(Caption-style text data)
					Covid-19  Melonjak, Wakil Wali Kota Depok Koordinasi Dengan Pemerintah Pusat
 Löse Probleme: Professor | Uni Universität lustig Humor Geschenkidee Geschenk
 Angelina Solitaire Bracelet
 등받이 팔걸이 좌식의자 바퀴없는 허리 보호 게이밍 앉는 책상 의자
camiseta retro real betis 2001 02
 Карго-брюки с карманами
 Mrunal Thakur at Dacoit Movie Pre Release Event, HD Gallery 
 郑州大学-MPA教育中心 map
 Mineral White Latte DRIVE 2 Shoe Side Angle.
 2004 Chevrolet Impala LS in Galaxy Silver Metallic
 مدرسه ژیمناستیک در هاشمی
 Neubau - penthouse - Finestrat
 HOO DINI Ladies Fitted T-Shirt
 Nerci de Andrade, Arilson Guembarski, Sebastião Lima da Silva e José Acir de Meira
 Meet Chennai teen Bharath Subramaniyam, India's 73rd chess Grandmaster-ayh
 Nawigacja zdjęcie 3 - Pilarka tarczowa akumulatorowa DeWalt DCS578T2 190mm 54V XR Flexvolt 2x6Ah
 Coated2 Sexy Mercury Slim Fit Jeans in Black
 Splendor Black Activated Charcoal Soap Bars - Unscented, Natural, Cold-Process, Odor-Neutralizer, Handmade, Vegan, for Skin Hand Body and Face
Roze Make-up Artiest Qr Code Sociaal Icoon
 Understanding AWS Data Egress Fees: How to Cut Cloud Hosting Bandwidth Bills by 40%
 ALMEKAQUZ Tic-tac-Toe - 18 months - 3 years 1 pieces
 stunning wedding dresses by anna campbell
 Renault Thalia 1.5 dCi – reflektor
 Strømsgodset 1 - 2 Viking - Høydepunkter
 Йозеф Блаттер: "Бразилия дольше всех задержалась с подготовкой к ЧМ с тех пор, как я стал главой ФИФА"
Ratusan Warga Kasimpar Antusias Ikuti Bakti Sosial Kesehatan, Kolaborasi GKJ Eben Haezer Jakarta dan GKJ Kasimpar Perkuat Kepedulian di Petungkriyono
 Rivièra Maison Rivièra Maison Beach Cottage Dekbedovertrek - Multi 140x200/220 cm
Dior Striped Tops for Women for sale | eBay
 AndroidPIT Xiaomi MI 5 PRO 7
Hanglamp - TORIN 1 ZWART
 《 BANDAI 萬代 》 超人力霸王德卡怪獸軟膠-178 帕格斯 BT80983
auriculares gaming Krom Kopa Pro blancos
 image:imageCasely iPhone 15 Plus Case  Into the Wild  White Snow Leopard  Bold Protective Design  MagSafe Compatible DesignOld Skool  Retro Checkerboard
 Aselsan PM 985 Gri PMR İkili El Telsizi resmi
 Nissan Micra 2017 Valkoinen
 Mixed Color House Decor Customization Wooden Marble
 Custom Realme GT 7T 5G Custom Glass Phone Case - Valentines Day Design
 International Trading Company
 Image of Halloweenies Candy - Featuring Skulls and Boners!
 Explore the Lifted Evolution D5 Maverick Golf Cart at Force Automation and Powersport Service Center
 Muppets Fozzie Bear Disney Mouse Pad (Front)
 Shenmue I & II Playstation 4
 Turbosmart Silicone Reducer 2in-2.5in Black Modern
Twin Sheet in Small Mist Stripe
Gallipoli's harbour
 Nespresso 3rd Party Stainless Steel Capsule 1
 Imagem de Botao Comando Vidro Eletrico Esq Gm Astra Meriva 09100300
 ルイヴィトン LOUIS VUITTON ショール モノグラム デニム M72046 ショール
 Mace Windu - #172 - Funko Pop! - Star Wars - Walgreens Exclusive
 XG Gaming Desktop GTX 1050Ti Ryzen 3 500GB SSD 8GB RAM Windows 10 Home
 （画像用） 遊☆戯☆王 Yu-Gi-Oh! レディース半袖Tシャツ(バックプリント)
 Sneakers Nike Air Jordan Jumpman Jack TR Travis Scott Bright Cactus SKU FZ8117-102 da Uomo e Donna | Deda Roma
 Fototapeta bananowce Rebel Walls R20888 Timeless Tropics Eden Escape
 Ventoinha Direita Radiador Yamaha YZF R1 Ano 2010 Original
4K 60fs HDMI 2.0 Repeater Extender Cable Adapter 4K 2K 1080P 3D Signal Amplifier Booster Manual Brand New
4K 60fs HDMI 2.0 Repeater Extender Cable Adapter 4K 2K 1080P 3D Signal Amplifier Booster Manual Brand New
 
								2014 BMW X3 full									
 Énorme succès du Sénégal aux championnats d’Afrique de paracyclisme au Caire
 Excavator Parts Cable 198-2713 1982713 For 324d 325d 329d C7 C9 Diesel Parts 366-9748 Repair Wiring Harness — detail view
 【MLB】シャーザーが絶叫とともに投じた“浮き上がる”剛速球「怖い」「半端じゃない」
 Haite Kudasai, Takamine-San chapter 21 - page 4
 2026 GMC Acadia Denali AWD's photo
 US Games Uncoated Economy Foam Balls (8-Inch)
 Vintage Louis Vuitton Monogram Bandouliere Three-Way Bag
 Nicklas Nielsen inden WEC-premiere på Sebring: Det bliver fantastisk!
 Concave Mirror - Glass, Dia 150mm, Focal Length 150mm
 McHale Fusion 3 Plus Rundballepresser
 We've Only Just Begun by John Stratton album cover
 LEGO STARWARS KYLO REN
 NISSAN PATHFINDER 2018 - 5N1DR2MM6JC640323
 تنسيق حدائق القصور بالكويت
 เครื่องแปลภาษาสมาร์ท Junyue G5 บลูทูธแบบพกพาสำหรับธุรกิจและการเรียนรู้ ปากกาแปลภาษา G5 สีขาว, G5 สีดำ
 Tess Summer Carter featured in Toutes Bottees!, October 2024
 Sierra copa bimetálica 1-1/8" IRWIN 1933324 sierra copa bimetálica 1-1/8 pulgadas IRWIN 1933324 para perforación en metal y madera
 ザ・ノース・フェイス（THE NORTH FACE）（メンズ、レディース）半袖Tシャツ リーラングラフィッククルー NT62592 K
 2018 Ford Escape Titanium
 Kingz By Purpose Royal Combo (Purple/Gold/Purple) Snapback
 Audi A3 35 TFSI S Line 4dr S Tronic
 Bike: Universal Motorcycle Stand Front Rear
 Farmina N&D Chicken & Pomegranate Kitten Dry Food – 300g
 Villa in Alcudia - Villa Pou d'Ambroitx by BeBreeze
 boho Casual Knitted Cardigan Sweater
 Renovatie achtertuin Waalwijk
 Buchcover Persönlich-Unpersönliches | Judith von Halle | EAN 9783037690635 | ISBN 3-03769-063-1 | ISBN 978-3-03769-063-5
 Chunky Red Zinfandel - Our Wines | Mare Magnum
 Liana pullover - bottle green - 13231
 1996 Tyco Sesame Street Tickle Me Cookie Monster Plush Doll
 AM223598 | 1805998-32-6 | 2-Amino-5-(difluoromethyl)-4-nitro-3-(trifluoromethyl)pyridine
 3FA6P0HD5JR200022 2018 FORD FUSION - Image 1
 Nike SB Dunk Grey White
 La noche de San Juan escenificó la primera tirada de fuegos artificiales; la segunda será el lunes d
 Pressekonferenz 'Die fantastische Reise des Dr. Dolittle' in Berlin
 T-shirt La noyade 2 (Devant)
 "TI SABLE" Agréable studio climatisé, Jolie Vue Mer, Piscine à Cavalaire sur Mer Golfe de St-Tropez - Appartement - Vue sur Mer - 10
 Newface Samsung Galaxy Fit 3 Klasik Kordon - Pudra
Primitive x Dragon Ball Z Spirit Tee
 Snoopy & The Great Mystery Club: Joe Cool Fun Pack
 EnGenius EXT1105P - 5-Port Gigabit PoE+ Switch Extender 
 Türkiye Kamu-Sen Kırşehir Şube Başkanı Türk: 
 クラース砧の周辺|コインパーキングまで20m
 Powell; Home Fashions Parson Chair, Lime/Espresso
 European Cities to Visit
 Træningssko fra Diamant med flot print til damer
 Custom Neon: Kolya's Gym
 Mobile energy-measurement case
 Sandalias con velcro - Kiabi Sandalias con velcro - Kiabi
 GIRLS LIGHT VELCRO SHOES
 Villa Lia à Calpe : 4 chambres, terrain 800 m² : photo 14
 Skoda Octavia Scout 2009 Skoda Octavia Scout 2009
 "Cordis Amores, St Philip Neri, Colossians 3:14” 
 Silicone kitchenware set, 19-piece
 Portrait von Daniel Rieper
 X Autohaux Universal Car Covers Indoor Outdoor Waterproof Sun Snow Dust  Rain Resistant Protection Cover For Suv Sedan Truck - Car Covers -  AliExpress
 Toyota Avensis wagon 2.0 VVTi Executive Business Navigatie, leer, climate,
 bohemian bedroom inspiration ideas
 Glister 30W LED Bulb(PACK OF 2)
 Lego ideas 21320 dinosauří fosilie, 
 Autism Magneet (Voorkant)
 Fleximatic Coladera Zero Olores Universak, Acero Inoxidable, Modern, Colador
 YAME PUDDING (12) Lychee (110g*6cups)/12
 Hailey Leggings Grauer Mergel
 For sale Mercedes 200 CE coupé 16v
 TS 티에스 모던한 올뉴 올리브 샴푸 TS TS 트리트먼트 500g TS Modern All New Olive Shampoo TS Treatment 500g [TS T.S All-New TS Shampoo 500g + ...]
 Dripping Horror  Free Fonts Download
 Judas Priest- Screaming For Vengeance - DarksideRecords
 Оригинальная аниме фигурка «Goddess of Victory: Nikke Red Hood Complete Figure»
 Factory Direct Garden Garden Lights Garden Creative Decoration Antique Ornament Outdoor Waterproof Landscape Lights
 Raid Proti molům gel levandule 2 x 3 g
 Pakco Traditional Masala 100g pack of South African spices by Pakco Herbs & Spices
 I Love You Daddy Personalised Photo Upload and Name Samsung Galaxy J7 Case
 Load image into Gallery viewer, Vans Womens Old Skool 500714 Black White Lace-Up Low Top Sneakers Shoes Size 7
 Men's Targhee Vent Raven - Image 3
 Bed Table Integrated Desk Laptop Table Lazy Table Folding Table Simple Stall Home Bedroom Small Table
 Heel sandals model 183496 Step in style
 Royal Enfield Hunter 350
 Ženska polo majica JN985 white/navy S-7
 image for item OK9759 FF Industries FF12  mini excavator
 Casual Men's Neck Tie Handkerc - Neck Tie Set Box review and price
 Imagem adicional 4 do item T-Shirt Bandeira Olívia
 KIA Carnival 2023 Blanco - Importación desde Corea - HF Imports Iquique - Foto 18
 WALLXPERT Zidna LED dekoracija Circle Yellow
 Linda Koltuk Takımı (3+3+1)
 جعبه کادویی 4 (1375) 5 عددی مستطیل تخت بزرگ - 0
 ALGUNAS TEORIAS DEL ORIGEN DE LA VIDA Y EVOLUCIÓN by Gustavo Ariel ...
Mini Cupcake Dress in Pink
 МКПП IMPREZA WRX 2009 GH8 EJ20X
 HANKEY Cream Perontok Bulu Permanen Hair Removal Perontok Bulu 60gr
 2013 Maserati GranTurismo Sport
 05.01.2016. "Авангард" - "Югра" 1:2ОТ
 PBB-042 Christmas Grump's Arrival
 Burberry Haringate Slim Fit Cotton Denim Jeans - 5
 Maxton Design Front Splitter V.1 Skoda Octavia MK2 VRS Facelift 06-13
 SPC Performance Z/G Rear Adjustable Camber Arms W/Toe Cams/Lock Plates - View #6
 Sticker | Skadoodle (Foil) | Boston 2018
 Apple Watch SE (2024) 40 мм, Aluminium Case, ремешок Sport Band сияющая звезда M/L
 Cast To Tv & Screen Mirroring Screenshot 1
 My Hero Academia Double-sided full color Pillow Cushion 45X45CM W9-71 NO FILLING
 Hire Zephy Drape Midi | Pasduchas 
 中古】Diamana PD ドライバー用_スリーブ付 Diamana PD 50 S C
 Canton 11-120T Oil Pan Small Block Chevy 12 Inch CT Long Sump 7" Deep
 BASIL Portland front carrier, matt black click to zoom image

Your objective ▸
Please reproduce, exactly as they appear above, the lines from the line containing "Nawigacja zdjęcie 3" up to and including the line containing "дольше всех задержалась".

Exercise output ▸
 Nawigacja zdjęcie 3 - Pilarka tarczowa akumulatorowa DeWalt DCS578T2 190mm 54V XR Flexvolt 2x6Ah
 Coated2 Sexy Mercury Slim Fit Jeans in Black
 Splendor Black Activated Charcoal Soap Bars - Unscented, Natural, Cold-Process, Odor-Neutralizer, Handmade, Vegan, for Skin Hand Body and Face
Roze Make-up Artiest Qr Code Sociaal Icoon
 Understanding AWS Data Egress Fees: How to Cut Cloud Hosting Bandwidth Bills by 40%
 ALMEKAQUZ Tic-tac-Toe - 18 months - 3 years 1 pieces
 stunning wedding dresses by anna campbell
 Renault Thalia 1.5 dCi – reflektor
 Strømsgodset 1 - 2 Viking - Høydepunkter
 Йозеф Блаттер: "Бразилия дольше всех задержалась с подготовкой к ЧМ с тех пор, как я стал главой ФИФА"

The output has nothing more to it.